Extracted data entries
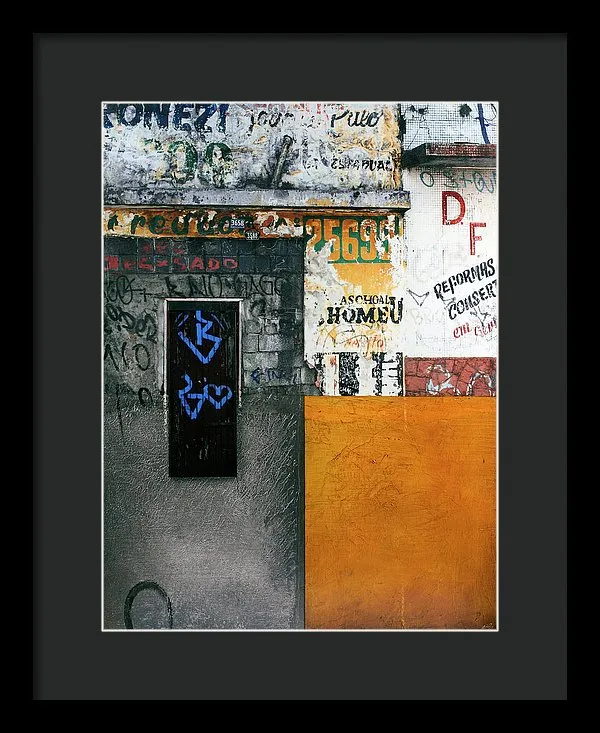 Brazil Graffit B - Framed Print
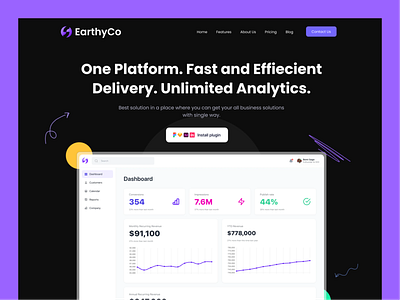 Earthy Co AI (Artificial Intelligence) Analytics Website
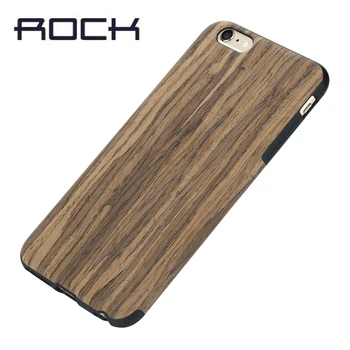 Original Rock brand caz pentru iPhone 6 6s caz,Elementul Serie Lemn de Cereale+TPU Protecție Capacul din Spate de Caz pentru iPhone 6plus caz
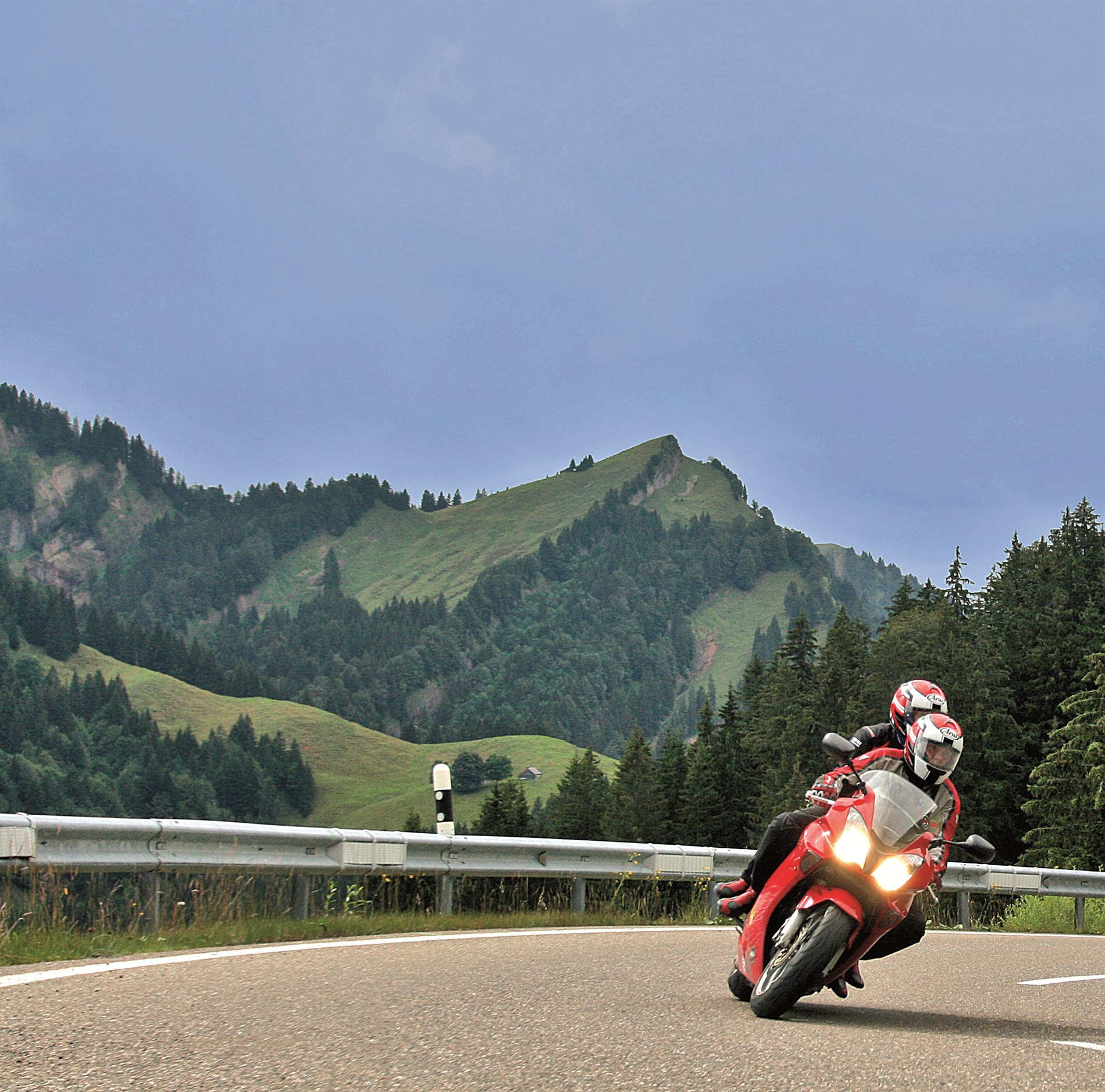 Motorrad fahren im Allgäu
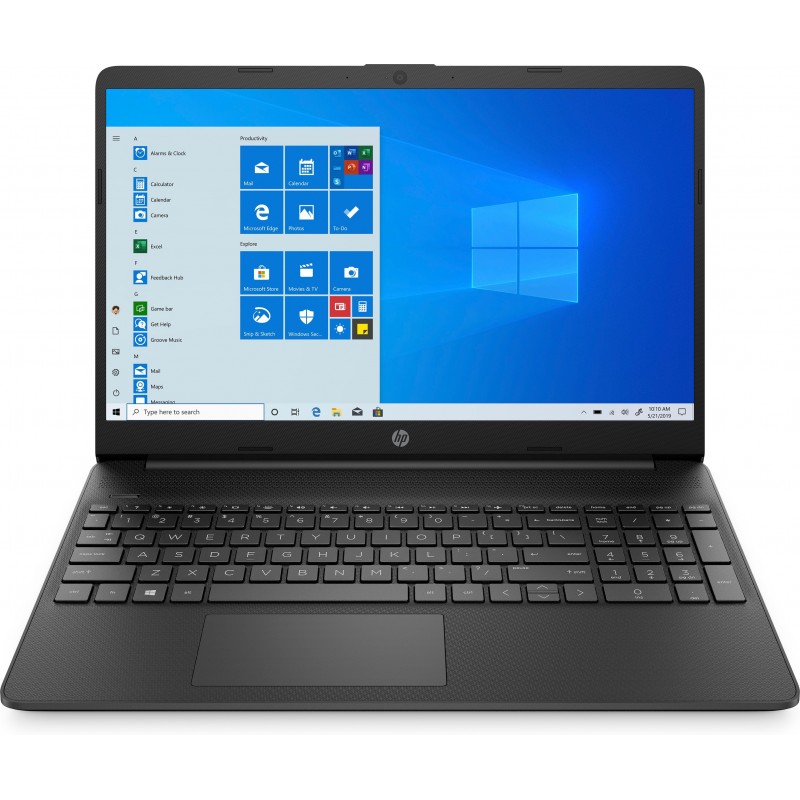 HP 15s-fq0005ns Negro - 15.6" - Intel Celeron - 8GB - 256GB SSD - W10 Home 4A3X0EA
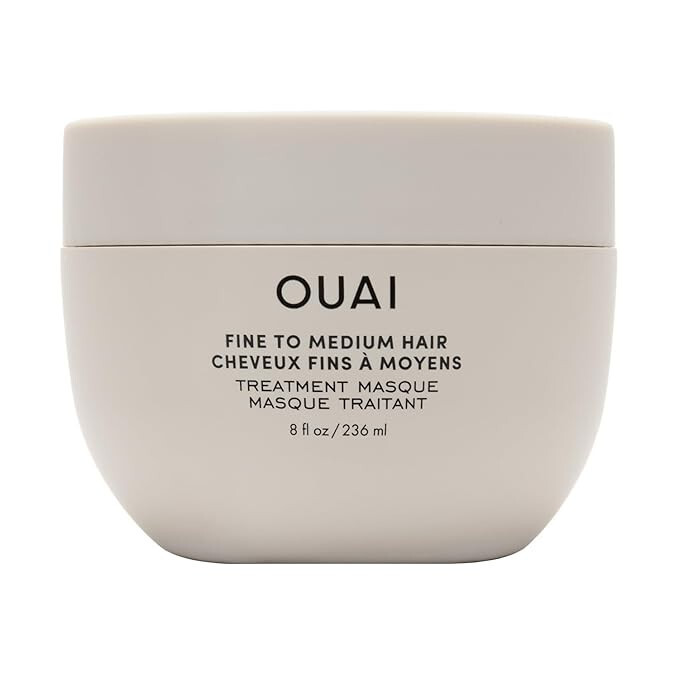 [해외] OUAI 파인 투 미디엄 헤어 트리트먼트 마스크 236ml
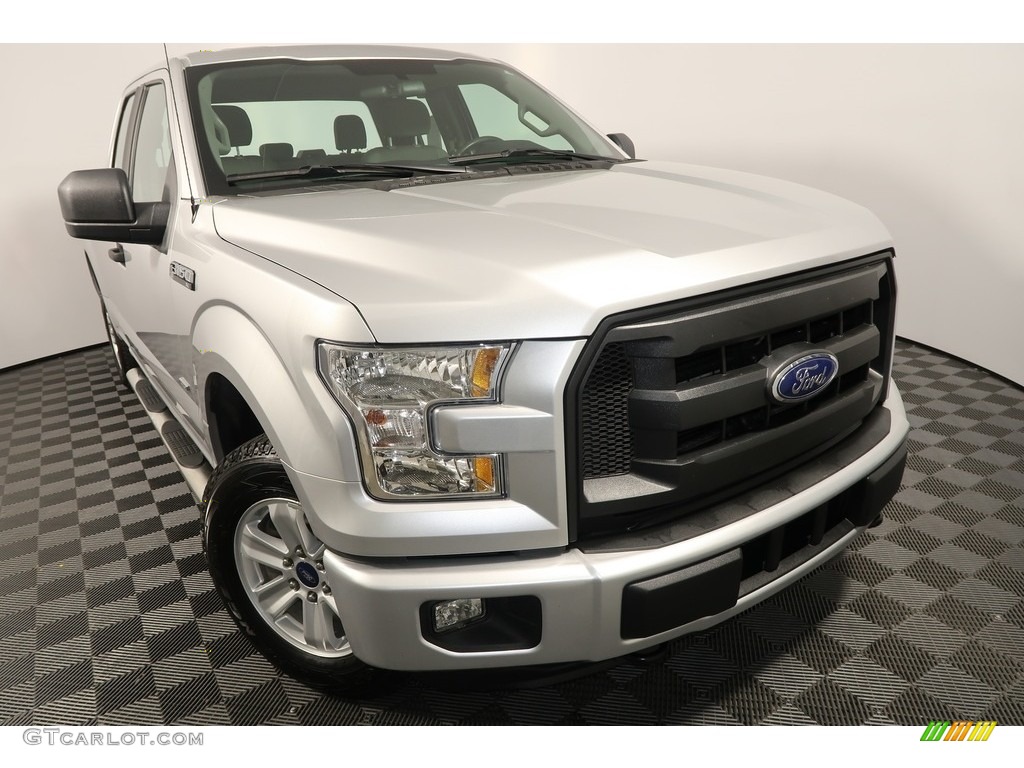 2016 F150 XL SuperCab 4x4 - Ingot Silver / Black photo #3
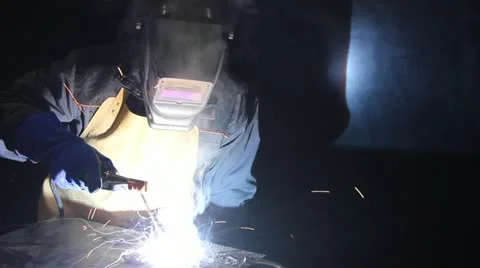 Welder at work Stock Footage 10934031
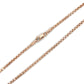 10K Rose Gold 24" Chain; 4.5g
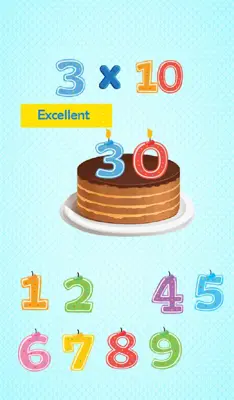 Kids Multiplication Tables android App screenshot 10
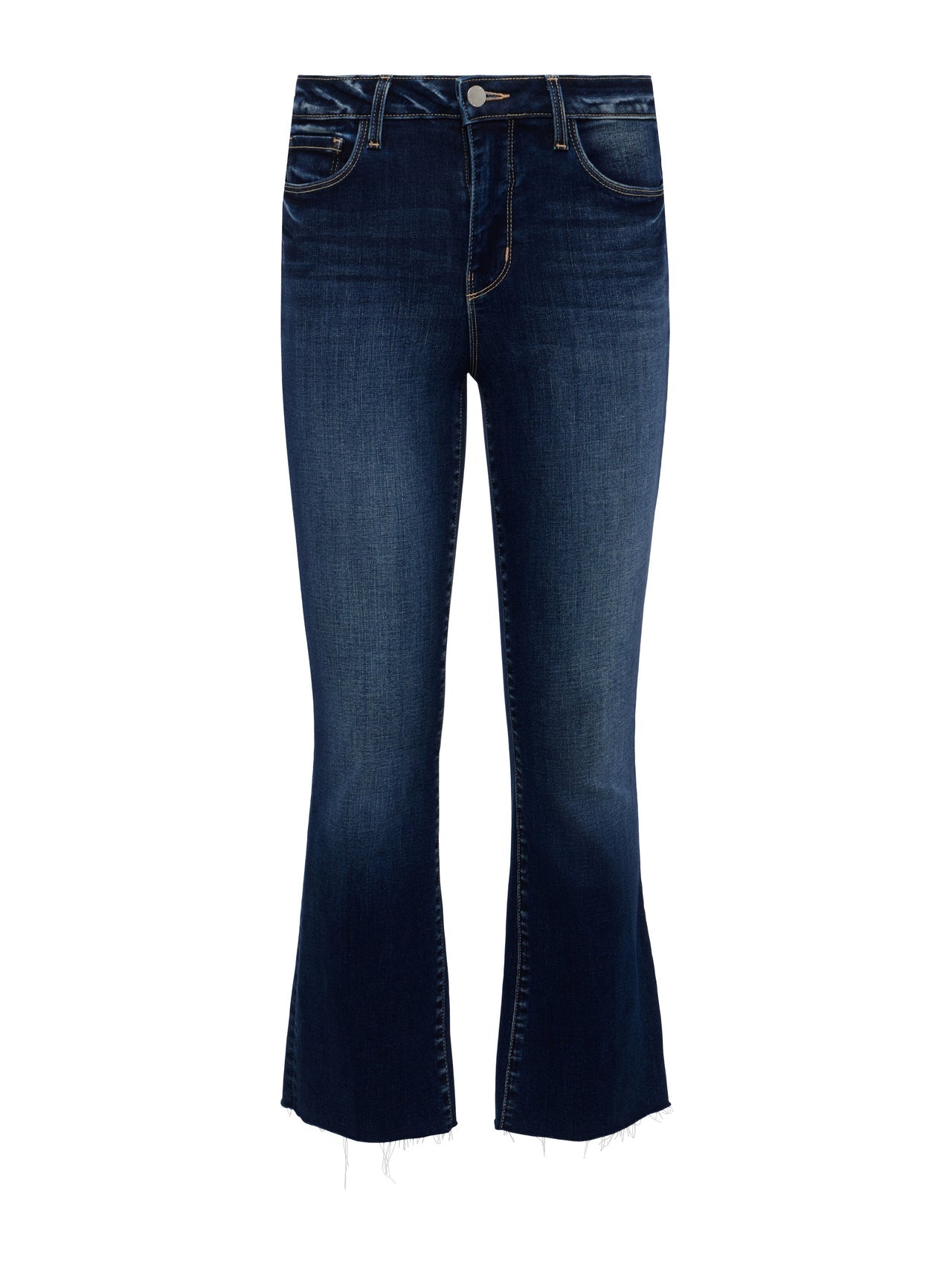 Kendra High-Rise Cropped Flare Jean in Columbia | L'AGENCE for sale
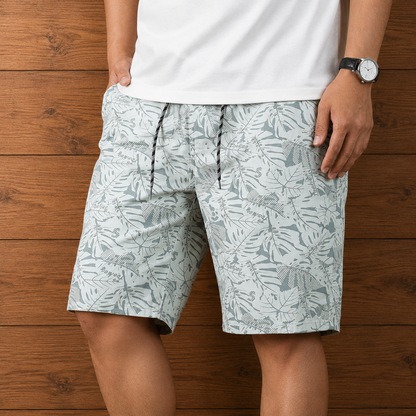 Tropical Drawstring Shorts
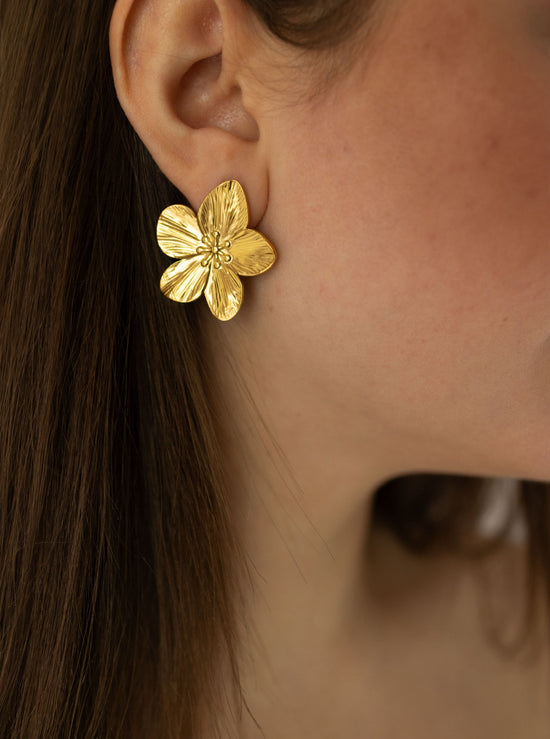 Orecchini fiore acciaio inossidabile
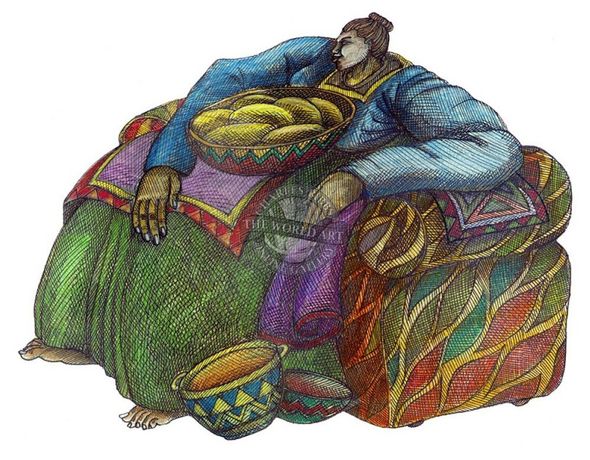 Charles Bibbs Hand Signed and Numbered Limited Edition: "Big Mama's Chair #2"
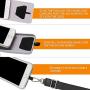 Doormoon Phone Lanyard, Universal Adjustable Neck Straps for Phone Case Keys ID Badges Compatible with iPhone, Samsung, Motorola, LG & Most Smartphones, 2 Pack,Black Black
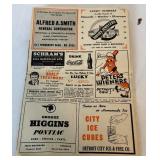 1947 Detroit Tigers vs. Boston Red Sox Scorecard - Ted Williams, Dom DiMaggio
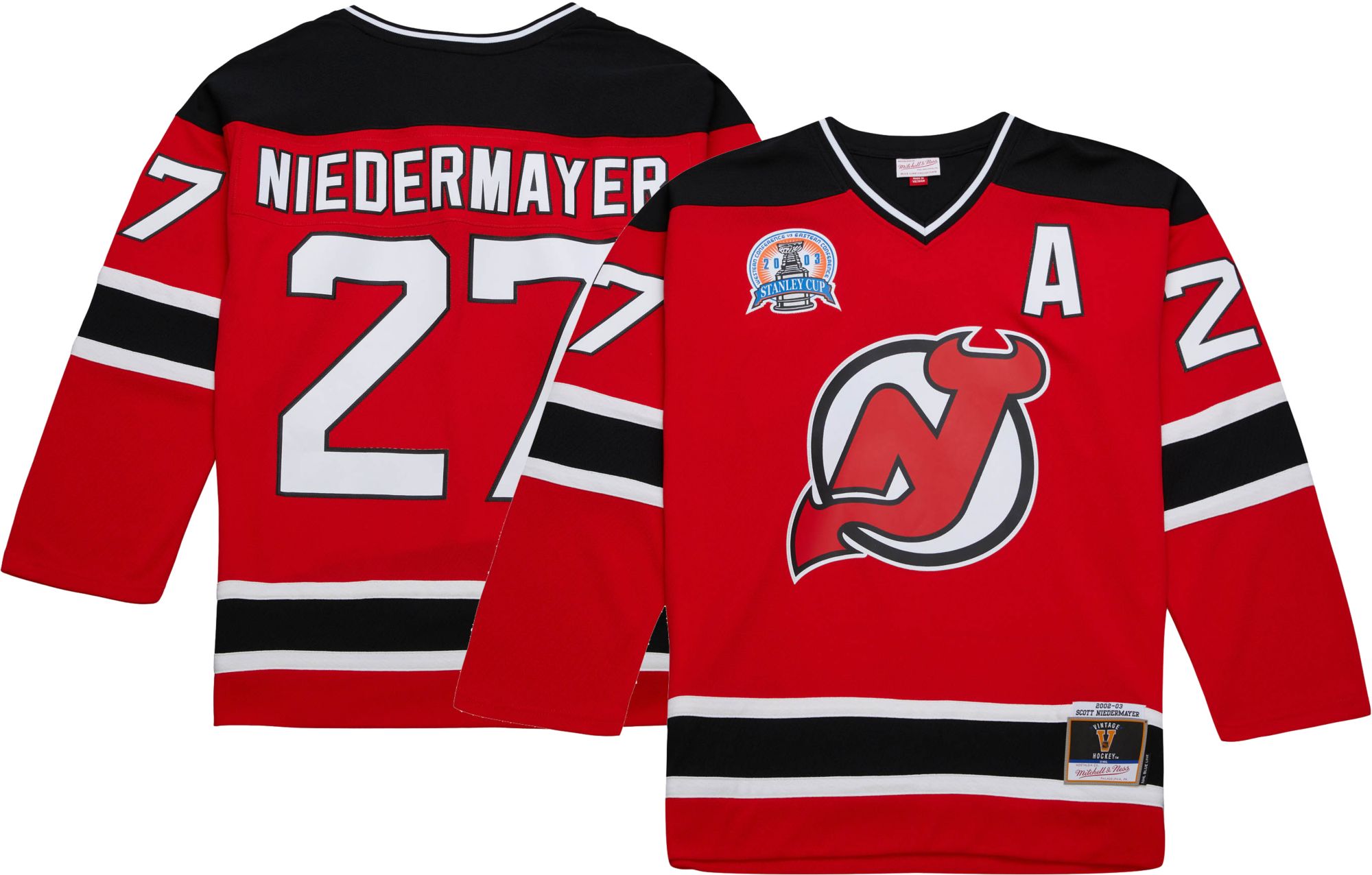 Mitchell & Ness Adult New Jersey Devils 2002 Scott Niedermayer #27 Vintage Replica Jersey product image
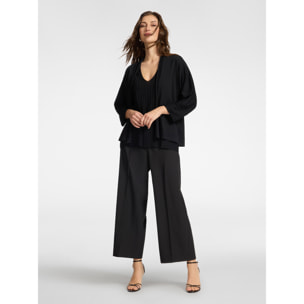 Elena Mirò - Pantalones palazzo - Negro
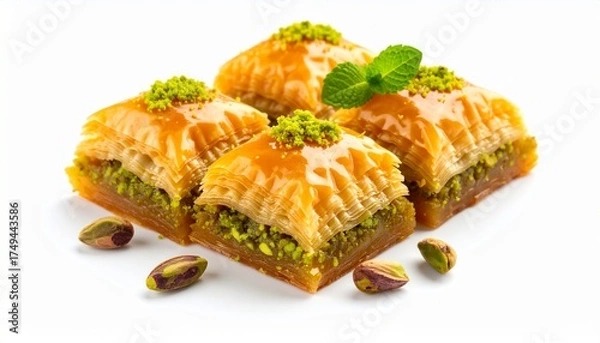 Obraz Sweet Turkish Baklava with Pistachios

- _The task_:
Above are entries with pictures among them. Write out exactly the lines from the one containing "2016 F150 XL" through the one containing "Orecchini fiore acciaio inossidabile", ends included, and leave those pictures out.

- _Answer to this exercise_:
 2016 F150 XL SuperCab 4x4 - Ingot Silver / Black photo #3
 Welder at work Stock Footage 10934031
 10K Rose Gold 24" Chain; 4.5g
 Kids Multiplication Tables android App screenshot 10
 Kendra High-Rise Cropped Flare Jean in Columbia | L'AGENCE for sale
 Tropical Drawstring Shorts
 Orecchini fiore acciaio inossidabile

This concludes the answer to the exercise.